I used to do it all the time - nail something one day, then the next day try to start off at the same speed. I'd get frustrated and keep trying it at that speed. It doesn't work well at all - if you're making mistakes, slow down, preferably a LOT. You just have to make sure that you start slow every day, after a while it'll come back to you.
#10
Guys, muscle memory is good for your playing!

...but you shouldn't use it to learn entire phrases and licks, as this can lead to very repetitive playing.

Doesn't it make more sense to focus on programming the correct technique into your "muscle memory" (i.e. having the correct hand position, economy of motion and finger independence etc.) and then apply those things to whatever you intend to play?

Anyway, playing something from "muscle memory" with mistakes and bad technique, is still something that's riddled with mistakes and bad technique! If you're using great technique from "muscle memory", then you should be able to play whatever you play in the best, most efficient way, right?
#11
Quote by chainsawguitar
Guys, muscle memory is good for your playing!

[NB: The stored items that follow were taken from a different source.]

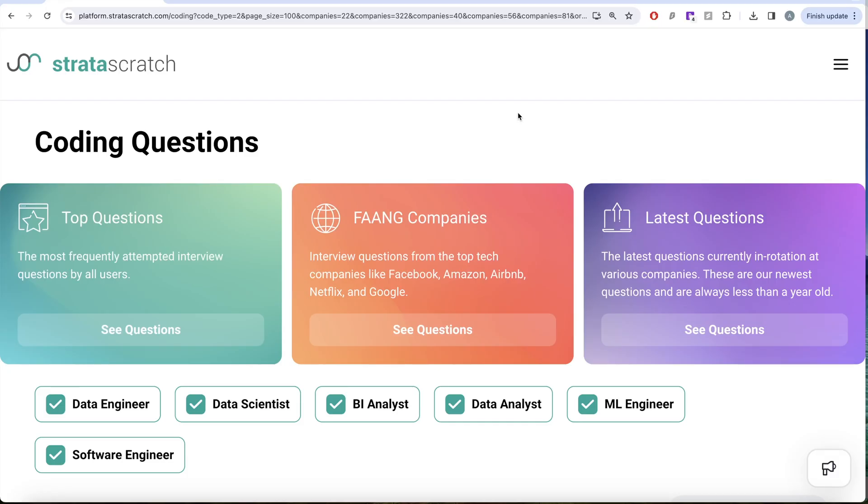Hey guys, welcome back to our channel. This channel Arata Science is all about trying to learn various concepts of data science by practicing a lot of questions.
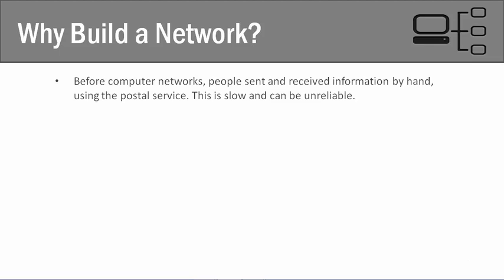So we need to pose the question, why build a computer network? Why do we build them now and why are we so reliant upon them? To answer that question, we need only to look at the past before we had computer networks available to us.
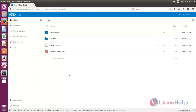Now Nextcloud is installed and we have logged into Nextcloud. Here you can share files with your clients. This acts as cloud storage where you can create directories and files and share them with your clients. The clients can also modify the files. That's all about the installation of Nextcloud on Ubuntu. Hope this video is helpful for you. Thank you for watching.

...but you shouldn't use it to learn entire phrases and licks, as this can lead to very repetitive playing.

Doesn't it make more sense to focus on programming the correct technique into your "muscle memory" (i.e. having the correct hand position, economy of motion and finger independence etc.) and then apply those things to whatever you intend to play?

Anyway, playing something from "muscle memory" with mistakes and bad technique, is still something that's riddled with mistakes and bad technique! If you're using great technique from "muscle memory", then you should be able to play whatever you play in the best, most efficient way, right?


I don't think you can control muscle memory like that.... just like if you see something you can't unsee it.

Do you mean to say if you learn something you intentionally unlearn it after a time so it doesn't set in as muscle memory? Muscle memory is just a thing that happens..

Having said that I do agree that the main thing you want down as muscle memory is technique, though learning licks etc slowly and thoroughly is as good a way to build technique as any.